Una prima osservazione riguarda lo scarso dinamismo bancario in questo
settore, che non riguarda solo l'utilizzo dei portali, ma si colloca
ad un livello superiore, generale, e, aggiungiamo, generalizzato: questione
avvertita non solo in Italia, ma anche nel mondo americano, da sempre
apripista nell'adozione di nuovi sistemi ed esperienze.
Eppure, le premesse perché il B2B diventi un'area centrale nell'operatività
delle banche sono inequivocabili, a cominciare dal ruolo cardine svolto
dal settore dei pagamenti: le aziende, mediante l'utilizzo di sistemi
di pagamento elettronico possono infatti conseguire vantaggi concreti
in termini di taglio dei costi e per loro stessa ammissione ritengono
comunque che l'utilizzo costituisca un vero e proprio vantaggio competitivo.
Le banche, dal canto loro, possono svolgere un ruolo di primo piano,
a condizione che riescano a vedere i pagamenti come dei processi integrati,
più che come insiemi di fasi.
Lo scenario dunque, lascerebbe presupporre un dinamismo delle banche
addirittura superiore a quanto avviene nel B2C; l'odierno mercato del
B2B appare invece notevolmente sottodimensionato, e la stragrande maggioranza
dei pagamenti B2B continua ad essere effettuata su supporto cartaceo:
si deve dunque constatare che i primi a dimostrare scarsa predisposizione
e diffidenza verso il nuovo sistema sono proprio quei soggetti che da
esso conseguirebbero i vantaggi più evidenti.

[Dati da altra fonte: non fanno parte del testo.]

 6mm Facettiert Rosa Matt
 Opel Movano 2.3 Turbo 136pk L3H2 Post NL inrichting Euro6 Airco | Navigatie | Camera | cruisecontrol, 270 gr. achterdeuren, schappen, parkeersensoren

Le motivazioni sembrano risiedere nel fatto che i sistemi di pagamento
elettronico in questo settore non hanno ancora raggiunto un livello
di semplificazione e sicurezza sufficiente a soddisfare le richieste
degli utenti: così, nell'attesa che tale gap, venga, le preferenze si
dirigono verso i sistemi tradizionali.
Va però sottolineato come da molte parti si suggerisca che nei prossimi
anni la situazione sia destinata a mutare radicalmente, grazie alle
partnership tra produttori di tecnologia e istituzioni finanziarie,
che contribuiranno a colmare rapidamente lo scarto attuale; anche in
questo settore si riproporrà il confronto tra emittenti di carte di
credito e soggetti bancari, con i primi forse avvantaggiati da quella
concezione unitaria del processo di pagamento alla quale sopra abbiamo
fatto riferimento, e i secondi a doverla rapidamente acquisire se vogliono
riuscire a sfruttare utilmente la loro posizione centrale nel mondo
dei pagamenti: del resto, se l'intermediazione è una delle attività
fondamentali delle banche, non si vede perché queste debbano farsi sfuggire
la possibilità di agire profittevolmente nell'area dei pagamenti, che
di questa è uno dei riflessi più importanti.
Lo scenario appena descritto si riflette sul modo in cui lo strumento
- portale si è diffuso fino ad oggi nel mondo del B2B: come abbiamo
visto, lo scarso interesse dimostrato dalle banche per tale strumento
in quest'area è in parte motivato dalla diffidenza di coloro che dovrebbero
servirsi dei servizi da questo offerti. Tale situazione, ha portato
il portale ad essere uno strumento utilizzato più o meno da aziende,
che si pongono come intermediari nel processo di contatto tra le imprese.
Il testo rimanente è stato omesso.